When it Really Matters

The last known address rule comes up in assessment and collection cases.

In assessment cases, the IRS is obligated to notify the taxpayer of proposed changes to their IRS accounts. This includes sending a notice of deficiency to the taxpayer, for example. The notice of deficiency gives the taxpayer 90 days to file a petition with the U.S. Tax Court to challenge the IRS’s petition. If the taxpayer does not respond timely, the U.S. Tax Court does not have jurisdiction to hear the tax dispute.
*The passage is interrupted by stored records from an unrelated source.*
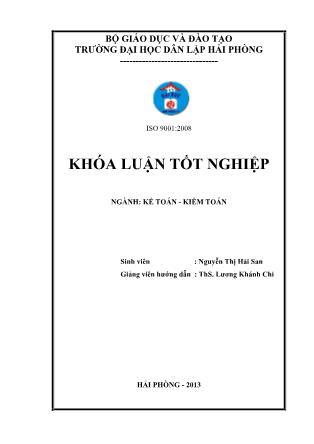 Khóa luận Hoàn thiện tổ chức công tác kế toán chi phí, doanh thu và xác định kết quả kinh doanh tại công ty Phát triển Khu Công nghiệp NOMURA Hải Phòng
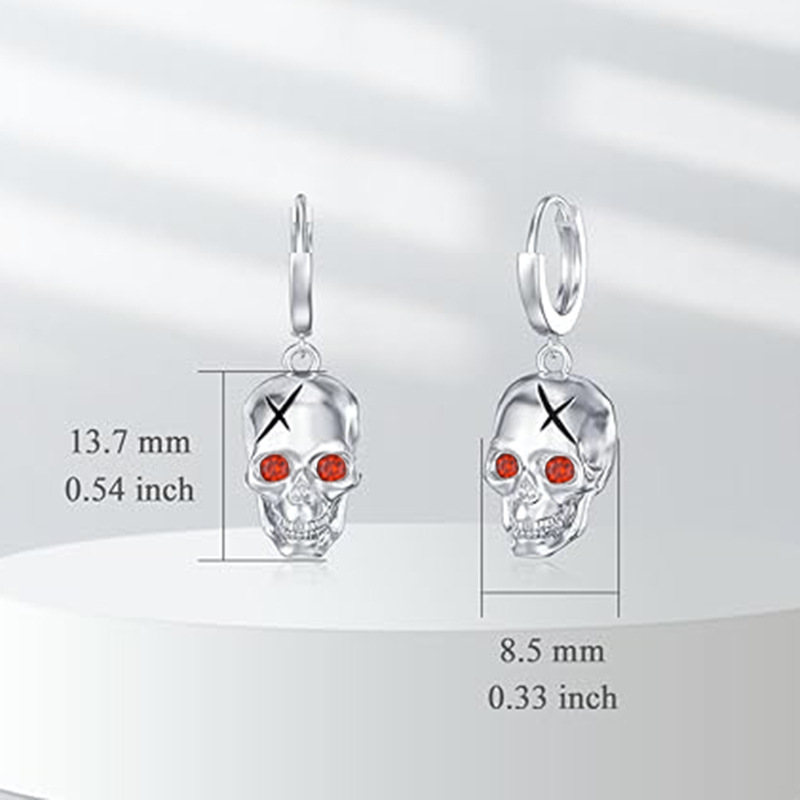 Sotiya Skull Hoop Earrings Sterling Silver-Sotiya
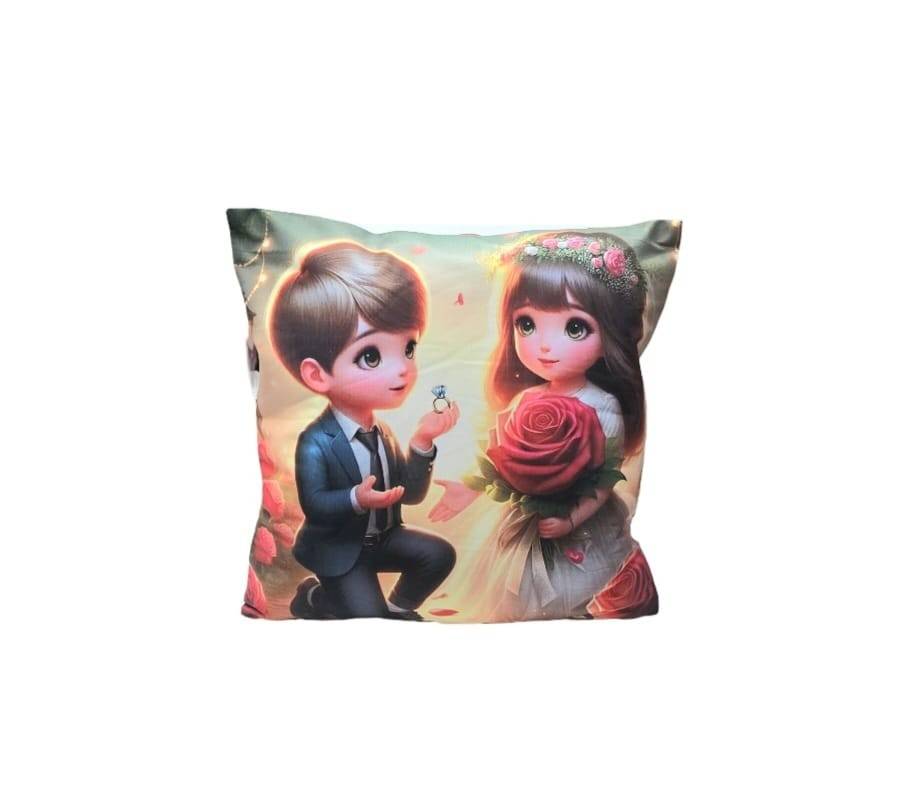 Perna personalizata, model Love, alb/multicolor, 40 cm x 40 cm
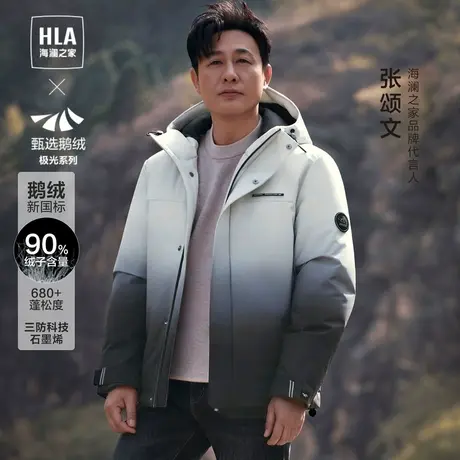 【张颂文同款】海澜之家三防石墨烯鹅羽绒服23秋冬新冲锋衣外套男图片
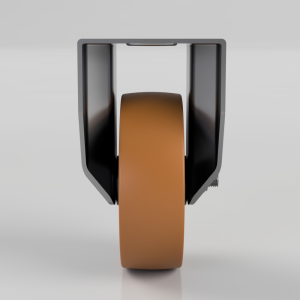 Close-up of an orange-brown caster wheel mounted in a black metal fork against a neutral background.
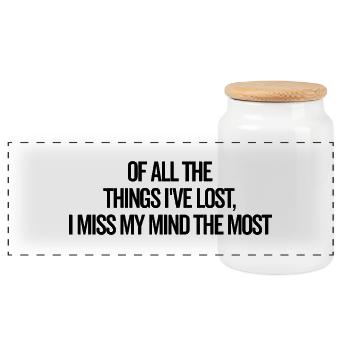Mon me manque le plus - Boîte à biscuits avec couvercle en bois - blanc - Devant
The last known address rule also comes up in collection cases. This often involves bank or wage levies. With these levies, the taxpayer may first find out that it missed IRS correspondence when he receives a letter from his bank or a letter from his employer indicating that the IRS has levied or seized their bank account or wages. At this point, the taxpayer contacts the IRS only to find out that the IRS had sent several IRS notices to an incorrect address. The taxpayer will have waived his right to certain collection safeguards in this situation.

Worse yet, missed notices often result in inordinately large penalties and interest. The taxpayer may not be put on notice of their tax debt for years or even decades, while penalties and interest continue to accrue. The penalties and interest can be substantial and may even exceed the amount of the original tax debt.
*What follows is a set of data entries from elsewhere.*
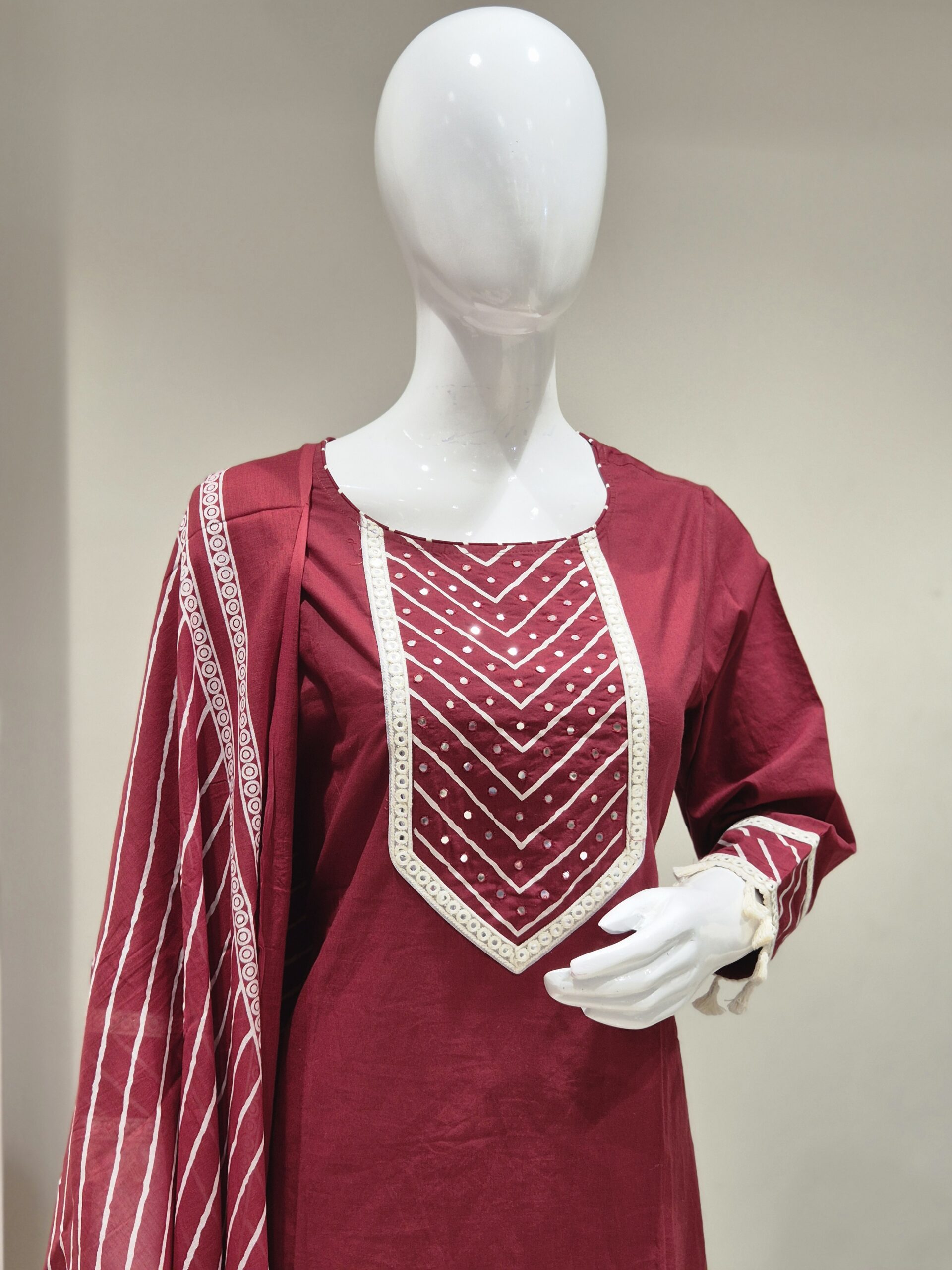 Maroon Mirror Work Straight Kurta for Women - Image 5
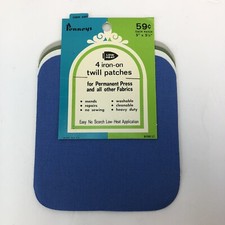 Penneys Vintage Iron On Twill Patches Pack Of 4 5" x 5.5" Made In USA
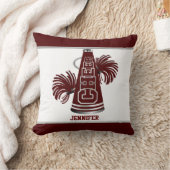 あずき色および白いメガホンのチアリーダーの枕 クッション (ブランケット)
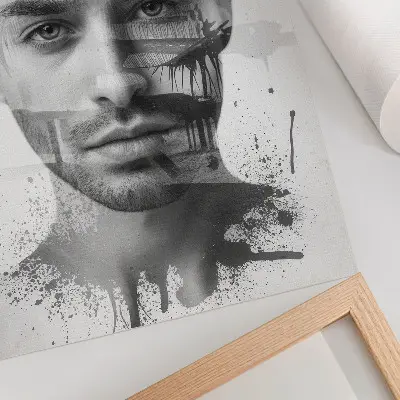 Impression sur toile visage d'homme au style minimaliste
While this rule may be necessary to keep taxpayers honest, it often harms taxpayers who honestly do not receive IRS notices.

A More Common Problem

This type of issue was not as pronounced in the recent past, as in the past most taxpayers did not relocate as frequently as they do today.

The reality is that in today’s society taxpayers frequently move to several different addresses in several different states and countries several times each year (especially when you think about airplane pilots, professional athletes, and traveling salesmen).
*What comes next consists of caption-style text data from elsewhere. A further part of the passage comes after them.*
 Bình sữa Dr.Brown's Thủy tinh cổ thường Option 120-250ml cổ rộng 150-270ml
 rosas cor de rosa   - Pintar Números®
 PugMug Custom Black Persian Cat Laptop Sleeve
So what is today’s mobile taxpayer to do? The IRS answer is that taxpayers are to submit IRS Form 8822 to update their address with the IRS each time they move. That is the official answer, but it is not one that is realistic.

For example, say a hypothetical taxpayer has lived in three countries, six United States states, ten cities over the course of a decade. They may have had twenty or more addresses. That would produce twenty Form 8822’s and ten federal tax returns (and maybe more tax returns, depending on the taxpayer’s assets and business interests). In the event that the taxpayer timely filed each and every one of these forms (and kept proof that they submitted the forms), it would be nearly impossible for the IRS to establish that they mailed each notice to the taxpayer’s “last known address.”

Given these facts, by the time the IRS processed the taxpayer’s Form 8822 the taxpayer would have already been living at a new address and have submitted a new Form 8822 to the IRS. Imagine the IRS backlog if every taxpayer submitted a Form 8822 every time that they changed addresses.

So why do the current rules work and work in favor of the IRS? Because taxpayers almost never submit Form 8822 to the IRS when they move. So what is the lesson for taxpayers who do not want to pay their taxes? Get in the regular habit of sending in Form 8822’s to the IRS.